Rocky Jordan was a radio series about an American restaurateur in Cairo who each week became involved in some kind of mystery or adventure. The show was broadcast on CBS from October 31, 1948, to September 10, 1950, and then again from June 27, 1951, to August 22, 1951. The character of Rocky Jordan had been introduced to listeners in a similar show called A Man Named Jordan that was broadcast from 1945 to 1947 on the CBS West Coast network, but set in Istanbul, rather than Cairo.

In February 1951, it was announced CBS was in discussions to make a TV series based on the show starring George Raft made by Raft's company. However this never happened.

==Cast==
The two lead roles were those of Rocky Jordan and Captain Sam Sabaaya of the Cairo Police. For most of the show's history Jordan was played by veteran radio actor Jack Moyles, but he was later replaced by a movie star, George Raft, for the brief 1951 run. Of note, Moyles played a 'David Rockey' in the January 20, 1951 Yours Truly, Johnny Dollar episode "The David Rockey Matter" in possible homage to his Rocky Jordan character.

Jay Novello played Sabaaya throughout the entire series.
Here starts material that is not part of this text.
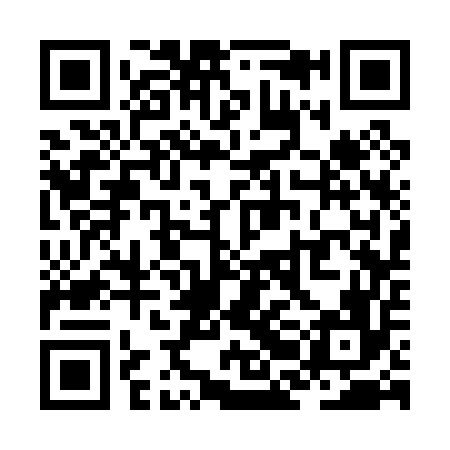 QR code for ZBC056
Other roles were played by members of Hollywood's Radio Row, and the announcer was Larry Thor.

==Characters==

===Rocky Jordan===
Rocky Jordan (Jack Moyles/George Raft) is the proprietor of the Café Tambourine, which is located, according to the announcer, "not far from the Mosque Sultan Hassan," though he is originally from St. Louis. During the course of the series, it is revealed that Rocky previously ran a Café Tambourine not only in Istanbul (known from the previous series, "A Man Named Jordan") but also in San Francisco and other locales.

As an American restaurateur in a North African country, Jordan is somewhat similar to the Rick Blaine character in the film Casablanca, though the Café Tambourine is apparently a much less salubrious venue than Rick's Bar. The announcer describes it as being "Crowded with forgotten men, and alive with the babble of many languages". Each episode sees Jordan confronted with a "crime, a mystery, a beautiful woman, or a combination of the three".

Precisely why Jordan is now in Egypt rather than Istanbul (as in the previous series) is never mentioned and the reason for being unable to return home to the United States is deliberately left vague, though it is hinted at throughout the course of the series that some occurrence in St. Louis prevents him from doing so.

===Sam Sabaaya===
Sam Sabaaya (Jay Novello) is the police captain who apprehends the criminals at the end of each adventure. Sabaaya is portrayed as a diligent and competent policeman, usually as Jordan's friend and ally but sometimes as his foil. He is an Egyptian Muslim, is married, and has four children.

===Other characters===
Two further characters appear in some but not all episodes, Chris (voiced in most episodes by Lawrence Dobkin) and Sergeant Greco (Lou Krugman). Chris is the bartender at the Café Tambourine, while Greco is one of Sabaaya's underlings. Greco has a particular dislike of Jordan, and invariably tries to make his life difficult, often by arresting him as the chief suspect in whatever crime Jordan is trying to solve. He's also ambitious and eager for promotion.

==Style==
A deliberately Eastern feel was created by careful use of music and sound effects, and the writers Larry Roman and Gomer Cool took care that the characters used the names of real streets in Cairo. Much of the information the writers used for this came from a book called the Pocket Guide to Egypt that the US Army had produced for servicemen sent there during the War. The Oriental-sounding music composed for the show by Richard Aurandt is considered to be of exceptional quality.